For support, he pointed to the agreement the Alliance for a Healthier Generation brokered with the American Beverage Association – to very different groups, with different individual goals – to reduce sugar consumption from drinks served in schools.
The arrangement resulted in a 90% reduction in calories from drinks in schools in part because it respected the individual needs of each partner.
“I never ask anybody to lose money, I say, because it’s not sustainable. I said, ‘Can you find a way to make money in a different way?’ And they did. They basically got all the full-sugar drinks out of the schools and went to fruit-flavored waters and smaller portions of milk, smaller portions of juice,” Clinton said.
He also lauded Former First Lady Michelle Obama’s Let’s Move campaign, the Partnership for a Healthier America and all the companies that have made commitments to PHA for similarly working together to achieve a common goal of reducing childhood obesity.

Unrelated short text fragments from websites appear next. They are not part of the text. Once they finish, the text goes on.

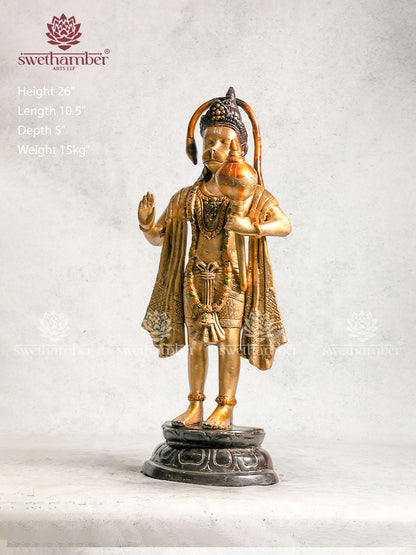 Brass Standing Lord Hanuman Statue With Three Tone Colour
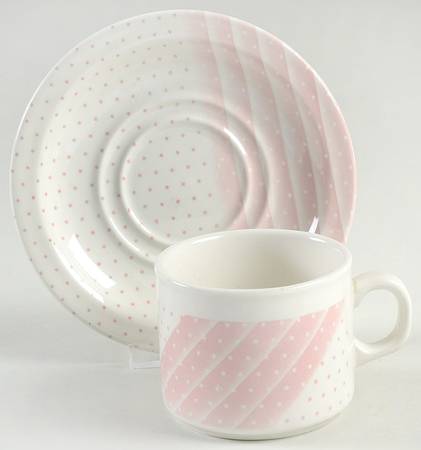 Pink Shades Flat Cup & Saucer Set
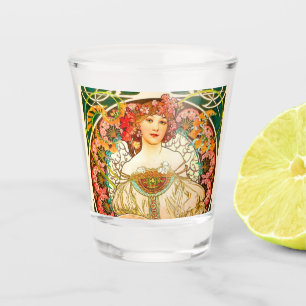 Alphonse Mucha Art Nouveau Daydream Schnapsglas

And while he celebrated the successes these partnerships have reached so far, he asked companies and public health advocates at the Summit to take the next step.
“We can do this in a big way,” he said, noting, for example, “we are now working with the beverage industry to reduce total consumption of calories from beverages nationally by people of all ages everywhere by 20% by 2025.”
He also took a step back from the food, beverage and public health arena to note that legislators in Washington could also learn from this approach.
He explained: “When Michelle Obama asked our foundation to help with what she was doing, and I realized they were calling the campaign ‘Let’s Move’ – not ‘Move Away,’ ‘Let’s Move’ – I thought, maybe we should make that the national motto and put in on the Capitol and the White House: Do something. Do it.”
And while Clinton noted he could “make 50 jokes out this,” he said he wouldn’t because he didn’t want attendees to lose sight of the true message “that inclusion, diversity and creative cooperation lead to better results.”